En ese sentido, sostuvo que el Gobierno terminó interviniendo en una actividad privada mientras mantenía un discurso contrario a la participación estatal en determinados acuerdos entre particulares.
“En el afán de bajar costos, pero sobre todo al sector empresario, se involucró en un tema que le trajo muchos dolores de cabeza y ningún beneficio”, afirmó.
“El Gobierno se sobregira ideológicamente”
Marangoni consideró que uno de los principales problemas del oficialismo es la dificultad para diferenciar entre las ideas generales que defiende y la manera de llevarlas adelante.
“Cuando el Gobierno se sobregira ideológicamente, cuando entiende que hay agua en la pileta para llevar adelante sus proyectos más conceptuales, la realidad parece demostrarle que no es así”, sostuvo.
Según el analista, muchas medidas podrían haber tenido mayor acompañamiento si previamente se hubiera trabajado con los sectores involucrados.
“Con un poco de trabajo previo probablemente lo acompañarían partidos provinciales, el PRO, el radicalismo y hasta algunos gobernadores justicialistas”, indicó.
Para Marangoni, el problema está en que algunos sectores se enteran de las decisiones una vez que ya fueron anunciadas, lo que dificulta la posibilidad de generar acuerdos.
La relación con China y Estados Unidos
El analista también se refirió a la renovación del swap con China y marcó una contradicción entre la postura ideológica del Gobierno frente a algunos países y la necesidad de sostener vínculos económicos estratégicos.
En ese sentido, señaló que el Ejecutivo no tuvo inconvenientes en avanzar con el acuerdo financiero con Beijing pese a las diferencias políticas.
“Hay un distinto estándar de acuerdo a las circunstancias y también de acuerdo a los momentos”, sostuvo.
Para Marangoni, la política exterior argentina requiere una mirada más pragmática y menos vinculada a afinidades personales entre presidentes.
La tensión con Victoria Villarruel
Sobre el conflicto político entre el oficialismo y la vicepresidenta Victoria Villarruel, luego de los cuestionamientos públicos de funcionarios del Gobierno, Marangoni consideró que Milei deberá tener en cuenta la experiencia de su primer mandato para definir futuras alianzas.
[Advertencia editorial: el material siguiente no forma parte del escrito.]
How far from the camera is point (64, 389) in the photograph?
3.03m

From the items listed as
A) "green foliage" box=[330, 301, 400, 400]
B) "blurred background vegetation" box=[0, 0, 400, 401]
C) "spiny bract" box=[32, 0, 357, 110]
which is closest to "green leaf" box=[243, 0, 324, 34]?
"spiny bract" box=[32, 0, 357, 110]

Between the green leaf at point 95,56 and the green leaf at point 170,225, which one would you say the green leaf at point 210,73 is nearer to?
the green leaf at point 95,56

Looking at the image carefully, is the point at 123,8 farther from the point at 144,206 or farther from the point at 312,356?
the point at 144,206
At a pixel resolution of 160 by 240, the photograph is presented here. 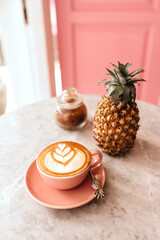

“El Gobierno probablemente buscará hacer lo que hizo cuando ofreció candidaturas: encontrar lealtad absoluta y probada”, afirmó.
De todos modos, remarcó que cualquier administración necesita combinar dos factores al momento de elegir funcionarios y dirigentes: capacidad y lealtad.
“Me parece que en la Libertad Avanza en los últimos tiempos ha primado mucho más lo segundo que lo primero”, concluyó.